We also need more pioneering investors to see this as an area of great opportunity. Omidyar Network has been a leader here, setting up an in-house “human capital” team to help their investees attract, develop and retain top talent — but I’m not aware of other impact investors who have shown such commitment. Organizations like Argidius Foundation, Blue Haven Initiative and AHL Venture Partners (all funders of ours) have made human capital a focus area, but they are the exceptions (unless the broad bucket of “education” or “edtech” counts). At Shortlist, we just went through a fundraising process and heard a similar refrain from many impact investors: “Human capital is not within scope or is not a mandate fit,” or “human capital only counts as ‘impact’ if focused on people making less than $2 a day.” I’m hoping more investors and funders start to see this as an important issue with the promise of system-level impact, up and down the salary scale.

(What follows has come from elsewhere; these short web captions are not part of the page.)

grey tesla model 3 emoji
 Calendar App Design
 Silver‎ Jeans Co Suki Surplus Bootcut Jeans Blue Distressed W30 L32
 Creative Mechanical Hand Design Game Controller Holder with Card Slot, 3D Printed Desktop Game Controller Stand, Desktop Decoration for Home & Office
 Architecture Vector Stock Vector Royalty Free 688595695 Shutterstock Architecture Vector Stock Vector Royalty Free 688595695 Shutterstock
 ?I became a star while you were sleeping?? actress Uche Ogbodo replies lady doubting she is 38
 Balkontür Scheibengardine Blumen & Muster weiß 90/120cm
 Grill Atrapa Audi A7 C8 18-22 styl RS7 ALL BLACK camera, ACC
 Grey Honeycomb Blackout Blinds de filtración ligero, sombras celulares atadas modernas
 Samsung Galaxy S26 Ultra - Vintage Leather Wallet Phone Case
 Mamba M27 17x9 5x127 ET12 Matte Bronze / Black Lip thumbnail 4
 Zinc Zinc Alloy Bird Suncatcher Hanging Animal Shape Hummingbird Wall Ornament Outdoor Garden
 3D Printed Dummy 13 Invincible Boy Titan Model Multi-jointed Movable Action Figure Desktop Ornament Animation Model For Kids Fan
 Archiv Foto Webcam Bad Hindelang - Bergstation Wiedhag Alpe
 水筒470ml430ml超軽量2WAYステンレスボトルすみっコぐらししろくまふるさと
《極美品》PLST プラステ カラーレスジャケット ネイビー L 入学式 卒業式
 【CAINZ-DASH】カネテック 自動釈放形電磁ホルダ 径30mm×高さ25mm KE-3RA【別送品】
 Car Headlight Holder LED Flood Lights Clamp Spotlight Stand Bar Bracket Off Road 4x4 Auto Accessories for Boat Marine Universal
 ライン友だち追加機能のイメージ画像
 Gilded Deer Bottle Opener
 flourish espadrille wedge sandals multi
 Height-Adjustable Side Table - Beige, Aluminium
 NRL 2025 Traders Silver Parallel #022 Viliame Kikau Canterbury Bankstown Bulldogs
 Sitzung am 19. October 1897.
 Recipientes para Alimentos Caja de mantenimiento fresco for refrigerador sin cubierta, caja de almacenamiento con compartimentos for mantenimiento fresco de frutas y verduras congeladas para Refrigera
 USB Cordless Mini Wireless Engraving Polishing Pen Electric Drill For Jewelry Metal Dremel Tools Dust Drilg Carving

Even for investors who don’t start investing in human capital companies, I hope they can focus more actively on human capital issues within portfolio companies. When making an investment, go deeper than assessing the co-founder biographies: Spend time understanding the organizational structure, staffing plans, recruitment strategies, training programs and the company’s values. I’ve seen impact investors spend weeks digging through financial models, formation documents and board minutes, but not ask a single question about the culture and sub-C-suite team. If investors cared more about people, so would entrepreneurs — you can help entrepreneurs prioritize people just by asking about them.
We also have an opportunity to learn from mainstream global trends around the future of work and the evolving higher education landscape. It’s a heady time with many calling for the unbundling and disruption of higher education, the digitization of economic opportunity, and new tools to help companies find, recruit, manage and train talent. Let’s learn from the best and bring these new practices and technologies into our markets and investments.
Finally, let’s turn this into a sector, shall we? I, for one, would love to see a dedicated resource center focused on “talent for impact” that could bring together the best research, resources, brains and energy around the world to help impact investors and social enterprises alike. That’s a conference I’d show up for, and bring my friends.